It’s natural to admire Fuzzy Thurston, the affable athlete. A key member of the Green Bay Packer’s vaunted sweep, the iconic left guard remains a face of the Green Bay franchise, referenced regularly by football coaches at every level for the fearless way he threw a block.
He earned six championship rings, one in 1958 as a member of the Baltimore Colts and five during the Packers’ Glory Years.
As he enters his ninth decade, though, Fuzzy evokes the kind of respect that transcends athleticism and it’s time to honor Fuzzy Thurston, the man.
His coach Vince Lombardi famously said, “The greatest accomplishment is not in never falling, but in rising every time you fall.”
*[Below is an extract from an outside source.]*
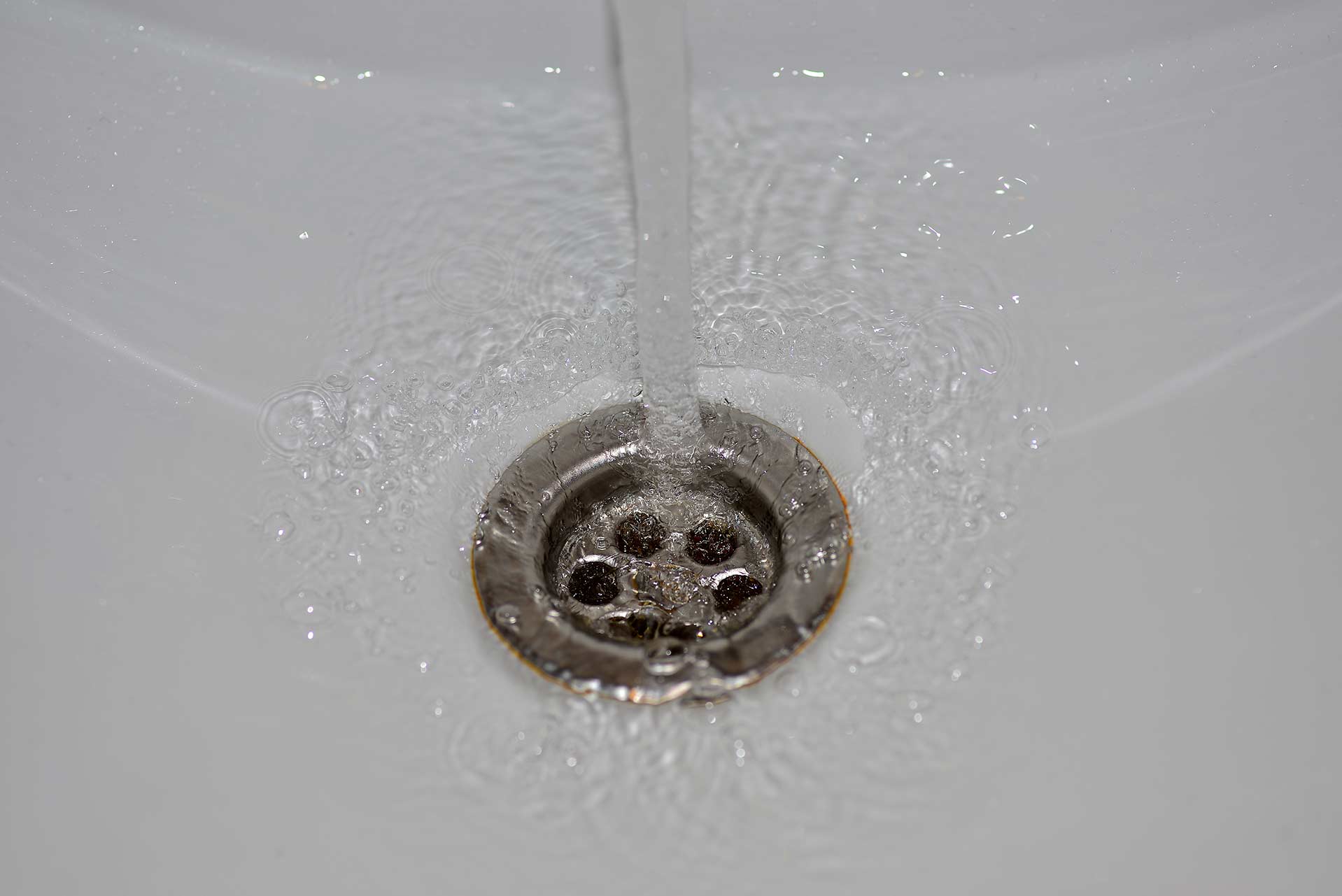A2B Drains provides services to unblock blocked sinks and drains for properties in Strand.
By that measure, Fuzzy’s accomplishments continue to mount.
In 1980, cancer took his vocal chords, but not his voice and he continued his gregarious greetings through an electrolayrynx.
He bounced back from two hip replacements and colon cancer. A 30-year battle over a disputed tax bill led to the IRS seizing his Super Bowl II ring.
Most devastating of all, Fuzzy lost his beloved wife Sue last year.
Still, he came to Lambeau last week for the Packers’ Alumni Weekend with open arms and a familiar smile. As he has done consistently for more than 50 years, Fuzzy offered warm greetings and giant bear hugs.
For a decade, the Green Bay Packers lived under the bright lights of Title Town, representing a small city and the achievability of big dreams in their NFL mandated matching blazers and their increasing collection of championship rings. We appreciate the opportunities, as they head into their twilight years, to salute this group of men who earned their titles on the football field and the enduring respect of a grateful fan base in the many years since.
This is Fuzzy and my sister Kathy, two of the most resilient people I know.
My mom and I enjoyed a Fuzzy hug as well.
Two of the greatest guards in the NFL built one of its greatest friendships. This is Fuzzy Thurston and Jerry Kramer in a familiar pose, with their arms wrapped around each other.
Between the two of them, Marv Fleming and Fuzzy Thurston earned six Super Bowl titles and five NFL championships for a total of 11 rings.
Fuzzy loves a crowd and this weekend, like it has for more than 50 years, the Lambeau crowd loved him. This picture reminds me of the Garth Brooks song, “Our lives are better left to chance, I could have missed the pain but I would have missed the dance.” Even today, Fuzzy would never miss the chance to dance.